The neighborhoods compete with each other to build the most fantastic ninots (giant papier-mâché images) as a unit within the larger falla. The ninots are often grotesque dolls or figurines, made in a "wise guy" tone, mocking local politicians, clergy or others in authority. The ninots can be several stories high, can take months to build and in some cases can cost upwards of $100,000. A large number of them are on the "racy" side. A local Valencian remarked to my friend, Penelope Casas, "You really have to be born and bred in Valencia to appreciate the bad taste of Las Fallas." 

In contrast, but integral to the fallas, are the falleras, young maidens dressed in traditional costume. Since the Community of Valencia proudly claims to be the only region in Spain that still does silk weaving on manual looms, many of the young girls wear delicate damasks, brocades and shawls of flowered silk intertwined with silver and gold thread. Dressed in their finery, they process with baskets of flowers to present Nuestra Señora de los Desamparados (Our Lady of the Abandoned or Helpless), the patron saint of Valencia. 

During this time, the square around the basilica is ablaze with color. The Plaza of the Virgin is transformed into a bower of flowers – even the façade of the basilica is carpeted with blooms. In the center is a huge 50 foot image of the Virgin made completely of flowers. 

The festival culminates in the eagerly anticipated crema (burning) on the night of San José, March 19th, where hundreds of works of communal labor and artistry go up in smoke! By popular acclaim, one of the ninot comical figures is saved and placed in a ninot museum, a sort of Hall of Fame.

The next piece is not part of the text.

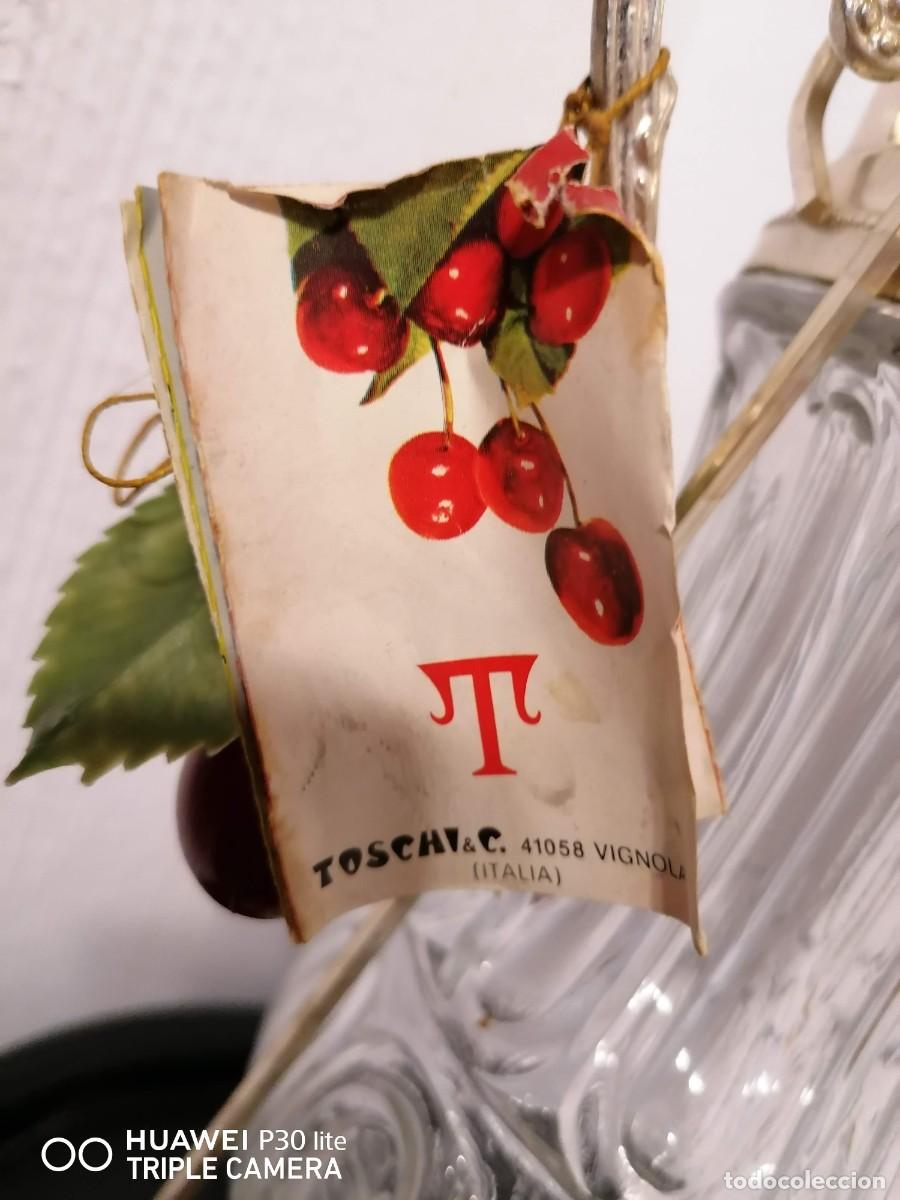 Botellas antiguas: Botella brandy cereza - Foto 4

A crowd gathers at the Plaza Del País. Smoke and haze have settled over the city from random fires and the gunpowder used in the rockets. Soon people become impatient with anticipation, and break into rhythmic applause followed by whistles and jeers as the hour passes, and there is still no crema, the final burning. 

Suddenly all the lights in the Plaza are extinguished, and the crowd roars in approval. Fireworks illuminate the night, strings of firecrackers set off brilliant sparks and colored rockets soar in the air, exploding thunderously. Over three hundred bonfires are lit throughout the city, and the noise produced by the accompanying fireworks is deafening.

Each falla (the huge wooden monument), becomes enveloped by smoke and flames. As the breezes blow and the air clears, the fire burns hot and the heat is intense. The base of the falla is the last to ignite and in a flash, the structure collapses. After initial roars of approval, the crowd begins singing the Valencian anthem. 

To tell the truth, none of the ship's company was around for the climax of the fallas, when literally hundreds of blazing structures light up the sky. The commodore wisely decided to get our destroyers under way just before that day. The sailors had so much fun with the Valencians that they were physically exhausted. With this in mind, and a six-month deployment ahead, our admiral decided it was prudent for the crew to get some rest at sea! Therefore, I owe the description of the climactic events to others who have been there, including my good friend Penelope Casas. 

While it is true that I did not experience every minute of Las Fallas, the precious memories of my first days in Spain provided a lasting introduction to the warm and generous culture which I have since found throughout Spain.